Darwin Diesel Holds Near 195 Cents as the Territory's Headline Average Masks Its Cheapest Pumps
Diesel across Winnellie and Palmerston is sitting around 195 cents a litre this week, cheaper than the statewide diesel average in every mainland state. That is worth a second look, because if you glanced only at the Northern Territory headline number you would assume the exact opposite.
The Territory's average diesel price reads 272.2 cents a litre as of early afternoon on 7th June 2026. Taken at face value, that number looks steep, and it is a textbook case of why a single average can mislead. Pull it apart and you find something far more useful for anyone actually filling up in Darwin.

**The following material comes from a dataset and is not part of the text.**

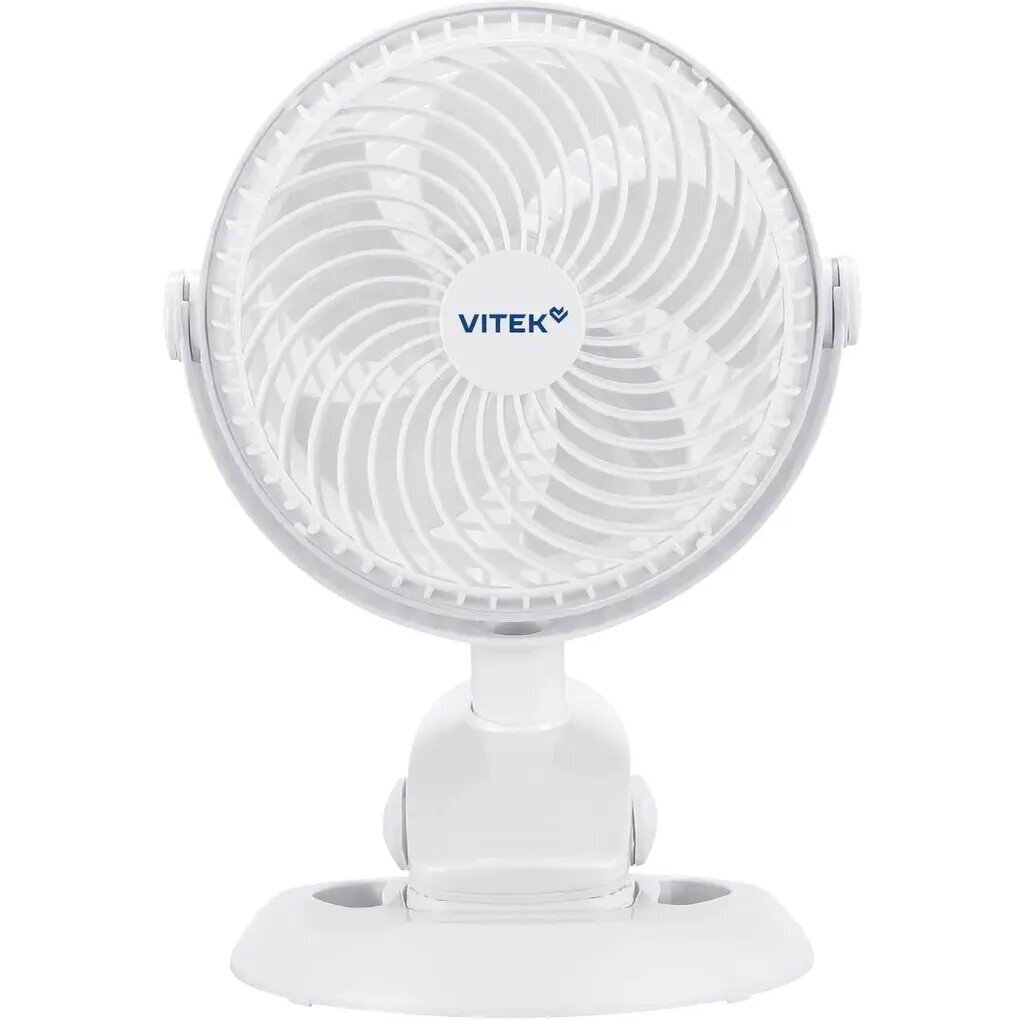 Вентилятор настольный Vitek VTF-06U белый 3Вт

The widest spread in the country
The reason the Territory's average runs so high comes down to one figure: its price spread. Across 172 stations, diesel prices run from 146.8 cents at the cheapest end to 399.0 cents at the dearest, a spread of 252.2 cents. No other jurisdiction comes close. South Australia shows a 147 cent spread and Queensland sits at 172.
That enormous range is the story. The Territory covers vast distances, and a single remote roadhouse charging well above 300 cents drags the average upward in a way that has nothing to do with what a Darwin commuter pays. Average a remote highway stop together with a metro servo and you get a number that describes neither.

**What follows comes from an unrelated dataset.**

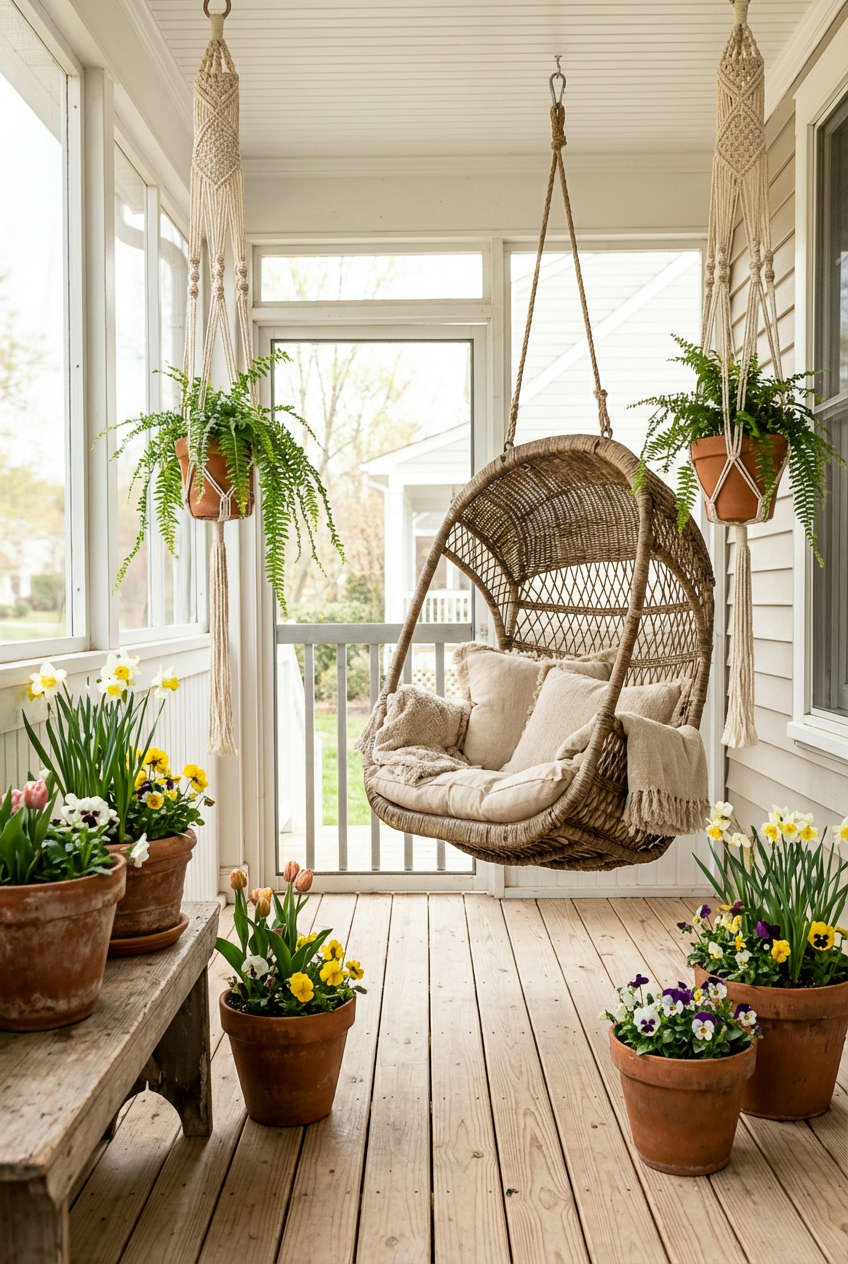 Whimsical Woven Wonders for Spring 1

What Darwin motorists actually pay
Strip the data back to the populated centres and the picture changes completely. In Winnellie, the industrial heart of Darwin, diesel averages 194.4 cents with the cheapest pump at 189.5. Out in Palmerston, the satellite city to the south east, four stations are clustered between 195.5 and 195.9 cents, a spread of just 0.4 cents.
That is genuinely competitive. The mainland state averages this week read 212.9 in New South Wales, 213.1 in Victoria, 215.2 in Queensland and 218.5 in Western Australia. Even Tasmania at 218.5 and the Australian Capital Territory at 219.4 sit above what Darwin's metro drivers are paying. Darwin's metro diesel is undercutting every one of them. Only a handful of Sydney suburbs such as Greenacre, where diesel dips to 179.7, are genuinely beating the Top End on price right now.
The remote premium is real
None of this means cheap fuel everywhere in the Territory. Head inland and the numbers climb sharply. In Alice Springs, diesel has risen 9.7 cents to an average of 234.6, roughly 40 cents above what Palmerston drivers are paying. That gap reflects genuine freight and distance costs rather than a data quirk, and it is the trade off central Australia has long lived with.
Where the value sits
- Darwin metro such as Winnellie and Palmerston: around 189 to 196 cents, the Territory's best diesel value
- Alice Springs and the interior: closer to 235 cents, driven up by freight distance
- Remote roadhouses: above 300 cents in places, and these are what inflate the statewide average
Timing your fill in the Territory
There is one more thing worth knowing. Unlike the eastern states, where prices can move several times a day, the Territory runs on regulated next window pricing, so stations publish locked figures for the day ahead. Petrolmate tracks these through the 24 hour price lock system, so a Darwin or Palmerston motorist can see tomorrow's posted price before deciding whether to fill today or wait.
The numbers are clear: the Territory's headline diesel average is one of the least useful figures on the national map, because it blends two very different markets into one. For the motorist in Darwin, the only figure that matters is the one at the servo down the road, and right now that figure is sitting comfortably below the mainland pack.